Exercise prompt: Set down, please, without alteration, the lines of the entries below from the first through the one containing "Becoming Best Friends".

BEGIN Records for the task

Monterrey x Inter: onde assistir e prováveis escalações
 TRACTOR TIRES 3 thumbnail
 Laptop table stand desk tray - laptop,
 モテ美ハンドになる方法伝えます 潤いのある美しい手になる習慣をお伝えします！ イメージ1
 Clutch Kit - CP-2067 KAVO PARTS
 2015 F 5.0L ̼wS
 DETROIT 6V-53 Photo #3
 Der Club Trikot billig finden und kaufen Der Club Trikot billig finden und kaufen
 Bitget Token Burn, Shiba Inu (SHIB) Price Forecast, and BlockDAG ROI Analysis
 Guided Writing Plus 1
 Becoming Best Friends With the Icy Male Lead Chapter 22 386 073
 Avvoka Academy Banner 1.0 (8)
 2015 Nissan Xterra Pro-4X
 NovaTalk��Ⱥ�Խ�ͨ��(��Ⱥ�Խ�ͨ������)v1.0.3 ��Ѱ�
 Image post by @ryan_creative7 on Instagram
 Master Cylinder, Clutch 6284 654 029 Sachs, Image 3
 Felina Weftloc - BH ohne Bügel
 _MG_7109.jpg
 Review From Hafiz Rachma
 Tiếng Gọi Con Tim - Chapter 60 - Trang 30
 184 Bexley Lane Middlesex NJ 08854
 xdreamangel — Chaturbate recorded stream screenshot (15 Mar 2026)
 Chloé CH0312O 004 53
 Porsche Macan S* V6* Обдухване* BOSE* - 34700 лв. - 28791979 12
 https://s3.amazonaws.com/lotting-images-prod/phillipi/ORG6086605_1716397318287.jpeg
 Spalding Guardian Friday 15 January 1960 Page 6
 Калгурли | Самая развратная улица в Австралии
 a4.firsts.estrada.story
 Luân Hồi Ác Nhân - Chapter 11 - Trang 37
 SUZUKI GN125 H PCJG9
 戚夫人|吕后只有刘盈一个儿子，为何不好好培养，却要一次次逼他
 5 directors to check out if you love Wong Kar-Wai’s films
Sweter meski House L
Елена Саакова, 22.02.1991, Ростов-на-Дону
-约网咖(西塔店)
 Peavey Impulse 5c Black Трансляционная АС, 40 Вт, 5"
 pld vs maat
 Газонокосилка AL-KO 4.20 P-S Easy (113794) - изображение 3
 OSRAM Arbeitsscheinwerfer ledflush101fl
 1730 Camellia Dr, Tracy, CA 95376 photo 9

END Records for the task

Output:
Monterrey x Inter: onde assistir e prováveis escalações
 TRACTOR TIRES 3 thumbnail
 Laptop table stand desk tray - laptop,
 モテ美ハンドになる方法伝えます 潤いのある美しい手になる習慣をお伝えします！ イメージ1
 Clutch Kit - CP-2067 KAVO PARTS
 2015 F 5.0L ̼wS
 DETROIT 6V-53 Photo #3
 Der Club Trikot billig finden und kaufen Der Club Trikot billig finden und kaufen
 Bitget Token Burn, Shiba Inu (SHIB) Price Forecast, and BlockDAG ROI Analysis
 Guided Writing Plus 1
 Becoming Best Friends With the Icy Male Lead Chapter 22 386 073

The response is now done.